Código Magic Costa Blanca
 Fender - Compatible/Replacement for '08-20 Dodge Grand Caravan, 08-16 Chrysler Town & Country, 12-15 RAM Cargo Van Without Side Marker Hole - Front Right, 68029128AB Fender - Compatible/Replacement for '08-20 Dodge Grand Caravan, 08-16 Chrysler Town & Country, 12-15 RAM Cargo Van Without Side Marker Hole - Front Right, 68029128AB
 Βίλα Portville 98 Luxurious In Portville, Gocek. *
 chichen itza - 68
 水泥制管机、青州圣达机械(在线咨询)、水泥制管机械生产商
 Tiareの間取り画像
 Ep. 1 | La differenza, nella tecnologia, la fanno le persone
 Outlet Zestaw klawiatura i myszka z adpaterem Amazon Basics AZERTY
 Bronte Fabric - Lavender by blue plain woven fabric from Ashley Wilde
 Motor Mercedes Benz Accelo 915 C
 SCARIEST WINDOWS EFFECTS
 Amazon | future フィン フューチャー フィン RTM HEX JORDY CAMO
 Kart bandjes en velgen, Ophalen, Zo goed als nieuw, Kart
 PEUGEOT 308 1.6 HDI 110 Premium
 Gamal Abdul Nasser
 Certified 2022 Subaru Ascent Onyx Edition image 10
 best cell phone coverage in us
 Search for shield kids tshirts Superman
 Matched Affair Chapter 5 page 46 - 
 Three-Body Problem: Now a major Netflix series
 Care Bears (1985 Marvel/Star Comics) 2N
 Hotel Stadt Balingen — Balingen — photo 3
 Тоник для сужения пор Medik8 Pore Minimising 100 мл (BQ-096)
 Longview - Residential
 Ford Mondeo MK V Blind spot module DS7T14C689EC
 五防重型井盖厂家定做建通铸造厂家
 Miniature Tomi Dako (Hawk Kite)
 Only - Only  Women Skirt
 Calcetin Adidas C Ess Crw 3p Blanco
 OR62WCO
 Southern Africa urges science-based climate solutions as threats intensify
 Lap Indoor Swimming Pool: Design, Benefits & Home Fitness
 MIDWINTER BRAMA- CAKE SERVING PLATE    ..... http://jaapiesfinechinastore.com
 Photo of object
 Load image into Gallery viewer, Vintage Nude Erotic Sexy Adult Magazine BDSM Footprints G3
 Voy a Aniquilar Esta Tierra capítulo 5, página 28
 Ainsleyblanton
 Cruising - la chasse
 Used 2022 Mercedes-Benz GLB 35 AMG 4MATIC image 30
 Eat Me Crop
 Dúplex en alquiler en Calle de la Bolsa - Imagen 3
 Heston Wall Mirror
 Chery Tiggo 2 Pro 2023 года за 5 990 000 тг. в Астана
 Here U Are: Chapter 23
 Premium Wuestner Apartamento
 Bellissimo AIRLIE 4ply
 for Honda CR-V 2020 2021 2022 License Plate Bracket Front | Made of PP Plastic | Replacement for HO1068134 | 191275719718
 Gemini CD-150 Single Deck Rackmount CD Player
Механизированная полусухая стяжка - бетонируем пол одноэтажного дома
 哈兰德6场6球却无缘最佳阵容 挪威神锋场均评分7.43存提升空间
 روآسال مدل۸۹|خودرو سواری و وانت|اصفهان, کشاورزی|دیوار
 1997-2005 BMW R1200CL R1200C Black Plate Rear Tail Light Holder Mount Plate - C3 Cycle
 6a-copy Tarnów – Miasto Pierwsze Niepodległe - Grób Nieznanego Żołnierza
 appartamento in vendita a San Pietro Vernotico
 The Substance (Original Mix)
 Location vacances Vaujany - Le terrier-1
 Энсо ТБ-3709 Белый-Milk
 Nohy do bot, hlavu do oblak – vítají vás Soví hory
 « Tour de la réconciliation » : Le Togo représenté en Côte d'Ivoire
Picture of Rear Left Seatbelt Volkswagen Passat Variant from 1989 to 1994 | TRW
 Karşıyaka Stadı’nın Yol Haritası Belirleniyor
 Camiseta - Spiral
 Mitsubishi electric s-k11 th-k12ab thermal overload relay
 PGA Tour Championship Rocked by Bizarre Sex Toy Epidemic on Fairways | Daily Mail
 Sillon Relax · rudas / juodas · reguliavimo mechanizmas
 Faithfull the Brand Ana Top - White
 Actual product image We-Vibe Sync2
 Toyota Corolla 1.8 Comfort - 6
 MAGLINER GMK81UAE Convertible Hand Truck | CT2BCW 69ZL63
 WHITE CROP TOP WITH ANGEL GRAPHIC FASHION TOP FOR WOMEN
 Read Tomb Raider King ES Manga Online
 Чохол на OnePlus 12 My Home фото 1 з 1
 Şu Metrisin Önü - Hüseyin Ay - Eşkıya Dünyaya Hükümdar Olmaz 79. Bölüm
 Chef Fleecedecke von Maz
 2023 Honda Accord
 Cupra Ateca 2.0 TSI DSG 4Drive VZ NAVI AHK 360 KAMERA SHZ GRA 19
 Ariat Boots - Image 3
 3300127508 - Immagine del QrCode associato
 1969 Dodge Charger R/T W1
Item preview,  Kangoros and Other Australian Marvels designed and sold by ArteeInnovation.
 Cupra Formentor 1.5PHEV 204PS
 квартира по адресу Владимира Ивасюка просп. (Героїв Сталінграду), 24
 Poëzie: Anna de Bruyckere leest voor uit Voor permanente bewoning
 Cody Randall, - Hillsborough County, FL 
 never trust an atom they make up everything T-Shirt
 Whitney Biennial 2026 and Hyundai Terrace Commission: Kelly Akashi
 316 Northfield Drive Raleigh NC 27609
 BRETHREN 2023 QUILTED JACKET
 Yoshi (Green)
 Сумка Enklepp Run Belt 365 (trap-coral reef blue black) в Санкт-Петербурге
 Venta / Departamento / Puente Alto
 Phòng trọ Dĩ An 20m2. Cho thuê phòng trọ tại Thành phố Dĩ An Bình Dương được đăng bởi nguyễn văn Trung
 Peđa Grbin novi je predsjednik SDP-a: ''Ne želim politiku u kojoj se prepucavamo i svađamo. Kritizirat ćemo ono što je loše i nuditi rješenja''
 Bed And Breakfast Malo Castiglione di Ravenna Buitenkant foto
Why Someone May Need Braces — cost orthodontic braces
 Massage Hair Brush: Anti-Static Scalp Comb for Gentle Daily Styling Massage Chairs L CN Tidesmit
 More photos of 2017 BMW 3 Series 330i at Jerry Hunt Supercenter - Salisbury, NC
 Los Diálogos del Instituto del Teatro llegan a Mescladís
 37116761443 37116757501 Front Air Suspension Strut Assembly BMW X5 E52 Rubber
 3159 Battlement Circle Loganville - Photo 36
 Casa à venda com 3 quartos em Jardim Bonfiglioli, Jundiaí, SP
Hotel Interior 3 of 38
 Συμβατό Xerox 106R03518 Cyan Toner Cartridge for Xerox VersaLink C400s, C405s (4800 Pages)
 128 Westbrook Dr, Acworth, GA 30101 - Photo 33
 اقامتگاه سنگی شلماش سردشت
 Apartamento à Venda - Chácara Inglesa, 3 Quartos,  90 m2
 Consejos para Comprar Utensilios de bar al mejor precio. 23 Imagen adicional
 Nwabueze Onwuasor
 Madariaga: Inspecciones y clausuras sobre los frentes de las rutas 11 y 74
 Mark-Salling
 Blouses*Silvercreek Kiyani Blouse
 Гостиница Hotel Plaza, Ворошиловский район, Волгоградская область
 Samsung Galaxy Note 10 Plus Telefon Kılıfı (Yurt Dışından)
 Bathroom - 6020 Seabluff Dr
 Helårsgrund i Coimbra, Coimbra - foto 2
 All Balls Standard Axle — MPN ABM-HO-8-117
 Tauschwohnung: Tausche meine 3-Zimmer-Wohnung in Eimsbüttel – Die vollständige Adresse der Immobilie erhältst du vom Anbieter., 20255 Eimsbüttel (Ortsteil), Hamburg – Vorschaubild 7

■ What to do: Once the records end, copy them all again exactly.

■ Result:
Código Magic Costa Blanca
 Fender - Compatible/Replacement for '08-20 Dodge Grand Caravan, 08-16 Chrysler Town & Country, 12-15 RAM Cargo Van Without Side Marker Hole - Front Right, 68029128AB Fender - Compatible/Replacement for '08-20 Dodge Grand Caravan, 08-16 Chrysler Town & Country, 12-15 RAM Cargo Van Without Side Marker Hole - Front Right, 68029128AB
 Βίλα Portville 98 Luxurious In Portville, Gocek. *
 chichen itza - 68
 水泥制管机、青州圣达机械(在线咨询)、水泥制管机械生产商
 Tiareの間取り画像
 Ep. 1 | La differenza, nella tecnologia, la fanno le persone
 Outlet Zestaw klawiatura i myszka z adpaterem Amazon Basics AZERTY
 Bronte Fabric - Lavender by blue plain woven fabric from Ashley Wilde
 Motor Mercedes Benz Accelo 915 C
 SCARIEST WINDOWS EFFECTS
 Amazon | future フィン フューチャー フィン RTM HEX JORDY CAMO
 Kart bandjes en velgen, Ophalen, Zo goed als nieuw, Kart
 PEUGEOT 308 1.6 HDI 110 Premium
 Gamal Abdul Nasser
 Certified 2022 Subaru Ascent Onyx Edition image 10
 best cell phone coverage in us
 Search for shield kids tshirts Superman
 Matched Affair Chapter 5 page 46 - 
 Three-Body Problem: Now a major Netflix series
 Care Bears (1985 Marvel/Star Comics) 2N
 Hotel Stadt Balingen — Balingen — photo 3
 Тоник для сужения пор Medik8 Pore Minimising 100 мл (BQ-096)
 Longview - Residential
 Ford Mondeo MK V Blind spot module DS7T14C689EC
 五防重型井盖厂家定做建通铸造厂家
 Miniature Tomi Dako (Hawk Kite)
 Only - Only  Women Skirt
 Calcetin Adidas C Ess Crw 3p Blanco
 OR62WCO
 Southern Africa urges science-based climate solutions as threats intensify
 Lap Indoor Swimming Pool: Design, Benefits & Home Fitness
 MIDWINTER BRAMA- CAKE SERVING PLATE    ..... http://jaapiesfinechinastore.com
 Photo of object
 Load image into Gallery viewer, Vintage Nude Erotic Sexy Adult Magazine BDSM Footprints G3
 Voy a Aniquilar Esta Tierra capítulo 5, página 28
 Ainsleyblanton
 Cruising - la chasse
 Used 2022 Mercedes-Benz GLB 35 AMG 4MATIC image 30
 Eat Me Crop
 Dúplex en alquiler en Calle de la Bolsa - Imagen 3
 Heston Wall Mirror
 Chery Tiggo 2 Pro 2023 года за 5 990 000 тг. в Астана
 Here U Are: Chapter 23
 Premium Wuestner Apartamento
 Bellissimo AIRLIE 4ply
 for Honda CR-V 2020 2021 2022 License Plate Bracket Front | Made of PP Plastic | Replacement for HO1068134 | 191275719718
 Gemini CD-150 Single Deck Rackmount CD Player
Механизированная полусухая стяжка - бетонируем пол одноэтажного дома
 哈兰德6场6球却无缘最佳阵容 挪威神锋场均评分7.43存提升空间
 روآسال مدل۸۹|خودرو سواری و وانت|اصفهان, کشاورزی|دیوار
 1997-2005 BMW R1200CL R1200C Black Plate Rear Tail Light Holder Mount Plate - C3 Cycle
 6a-copy Tarnów – Miasto Pierwsze Niepodległe - Grób Nieznanego Żołnierza
 appartamento in vendita a San Pietro Vernotico
 The Substance (Original Mix)
 Location vacances Vaujany - Le terrier-1
 Энсо ТБ-3709 Белый-Milk
 Nohy do bot, hlavu do oblak – vítají vás Soví hory
 « Tour de la réconciliation » : Le Togo représenté en Côte d'Ivoire
Picture of Rear Left Seatbelt Volkswagen Passat Variant from 1989 to 1994 | TRW
 Karşıyaka Stadı’nın Yol Haritası Belirleniyor
 Camiseta - Spiral
 Mitsubishi electric s-k11 th-k12ab thermal overload relay
 PGA Tour Championship Rocked by Bizarre Sex Toy Epidemic on Fairways | Daily Mail
 Sillon Relax · rudas / juodas · reguliavimo mechanizmas
 Faithfull the Brand Ana Top - White
 Actual product image We-Vibe Sync2
 Toyota Corolla 1.8 Comfort - 6
 MAGLINER GMK81UAE Convertible Hand Truck | CT2BCW 69ZL63
 WHITE CROP TOP WITH ANGEL GRAPHIC FASHION TOP FOR WOMEN
 Read Tomb Raider King ES Manga Online
 Чохол на OnePlus 12 My Home фото 1 з 1
 Şu Metrisin Önü - Hüseyin Ay - Eşkıya Dünyaya Hükümdar Olmaz 79. Bölüm
 Chef Fleecedecke von Maz
 2023 Honda Accord
 Cupra Ateca 2.0 TSI DSG 4Drive VZ NAVI AHK 360 KAMERA SHZ GRA 19
 Ariat Boots - Image 3
 3300127508 - Immagine del QrCode associato
 1969 Dodge Charger R/T W1
Item preview,  Kangoros and Other Australian Marvels designed and sold by ArteeInnovation.
 Cupra Formentor 1.5PHEV 204PS
 квартира по адресу Владимира Ивасюка просп. (Героїв Сталінграду), 24
 Poëzie: Anna de Bruyckere leest voor uit Voor permanente bewoning
 Cody Randall, - Hillsborough County, FL 
 never trust an atom they make up everything T-Shirt
 Whitney Biennial 2026 and Hyundai Terrace Commission: Kelly Akashi
 316 Northfield Drive Raleigh NC 27609
 BRETHREN 2023 QUILTED JACKET
 Yoshi (Green)
 Сумка Enklepp Run Belt 365 (trap-coral reef blue black) в Санкт-Петербурге
 Venta / Departamento / Puente Alto
 Phòng trọ Dĩ An 20m2. Cho thuê phòng trọ tại Thành phố Dĩ An Bình Dương được đăng bởi nguyễn văn Trung
 Peđa Grbin novi je predsjednik SDP-a: ''Ne želim politiku u kojoj se prepucavamo i svađamo. Kritizirat ćemo ono što je loše i nuditi rješenja''
 Bed And Breakfast Malo Castiglione di Ravenna Buitenkant foto
Why Someone May Need Braces — cost orthodontic braces
 Massage Hair Brush: Anti-Static Scalp Comb for Gentle Daily Styling Massage Chairs L CN Tidesmit
 More photos of 2017 BMW 3 Series 330i at Jerry Hunt Supercenter - Salisbury, NC
 Los Diálogos del Instituto del Teatro llegan a Mescladís
 37116761443 37116757501 Front Air Suspension Strut Assembly BMW X5 E52 Rubber
 3159 Battlement Circle Loganville - Photo 36
 Casa à venda com 3 quartos em Jardim Bonfiglioli, Jundiaí, SP
Hotel Interior 3 of 38
 Συμβατό Xerox 106R03518 Cyan Toner Cartridge for Xerox VersaLink C400s, C405s (4800 Pages)
 128 Westbrook Dr, Acworth, GA 30101 - Photo 33
 اقامتگاه سنگی شلماش سردشت
 Apartamento à Venda - Chácara Inglesa, 3 Quartos,  90 m2
 Consejos para Comprar Utensilios de bar al mejor precio. 23 Imagen adicional
 Nwabueze Onwuasor
 Madariaga: Inspecciones y clausuras sobre los frentes de las rutas 11 y 74
 Mark-Salling
 Blouses*Silvercreek Kiyani Blouse
 Гостиница Hotel Plaza, Ворошиловский район, Волгоградская область
 Samsung Galaxy Note 10 Plus Telefon Kılıfı (Yurt Dışından)
 Bathroom - 6020 Seabluff Dr
 Helårsgrund i Coimbra, Coimbra - foto 2
 All Balls Standard Axle — MPN ABM-HO-8-117
 Tauschwohnung: Tausche meine 3-Zimmer-Wohnung in Eimsbüttel – Die vollständige Adresse der Immobilie erhältst du vom Anbieter., 20255 Eimsbüttel (Ortsteil), Hamburg – Vorschaubild 7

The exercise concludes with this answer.